What we're dealing with in Metro Exodus is a PC version that clearly stands apart from its console counterparts, both in terms of performance and the visual feature set, but that's not to say that the Sony and Microsoft boxes don't deliver a decent experience - though quality varies according to the capabilities of the hardware. Xbox One X is the pick of the crop, delivering native 4K visuals, and broadly speaking, looking similar PC version running at high settings with HairWorks, PhysX, DXR and tessellation disabled. PlayStation 4 Pro is visually similar, but resolution drops down to 1440p, and suffers from lower frame-rates in stress scenes. Both versions cap at 30fps and exhibit screen-tear when they don't hit their performance targets - something that PS4 Pro does more often.

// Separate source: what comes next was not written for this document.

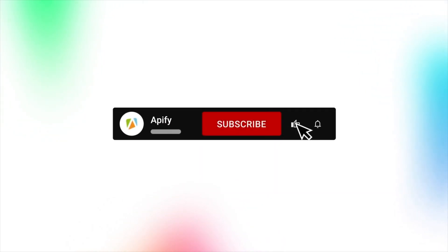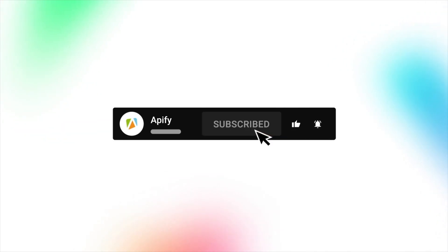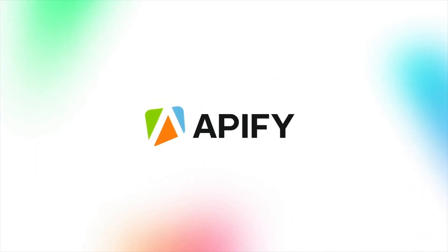Enjoy this video? Leave a thumbs up, subscribe, and hit the bell to stay notified about future content. So long and thanks for all the likes.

4A has made some interesting technical decisions on the base consoles, seemingly locking to 1080p resolution on PlayStation 4, with some big performance issues in some areas, paired with intrusive screen-tearing. For the base Xbox One though, frame-rate is far more consistent. In fact, it's the smoothest performer of all four console versions. 4A deploys several techniques to keep performance closer to target here, including dynamic resolution scaling along with lower resolution alpha buffers. The approach clearly pays dividends and I wonder what might be gained by offering these features as selectable options on the other platforms. Other differences in terms of LODs,
On the PC side of things, performance is all going to come down to your hardware, of course, which brings us onto the cost of ray tracing. At Gamescom, a top-end RTX 2080 Ti struggled to hold 1080p60, which is obviously concerning. However, 4A has massively revamped its RT techniques, meaning that the 2080 Ti can now deliver 1440p at 60fps with some tweaks, and in turn, 4K60 is possible with Nvidia's deep-learning super-sampling (DLSS) tech. Unfortunately, this is the weakest DLSS implementation we've seen - it actually looks blurrier (though more temporally stable) than native 1440p. It's the one area of the RTX feature set we hope to see significantly improved on the PC side.
But Metro Exodus is a genuinely exciting title and a remarkable technological statement. Everything you need from the game is available on the consoles and still looks great - particularly on Xbox One X - but if you're looking for 60fps performance, significantly improved visuals and the best implementation we've seen yet of real-time ray tracing, the PC version running on an RTX card is nothing short of a truly phenomenal, visually stunning achievement.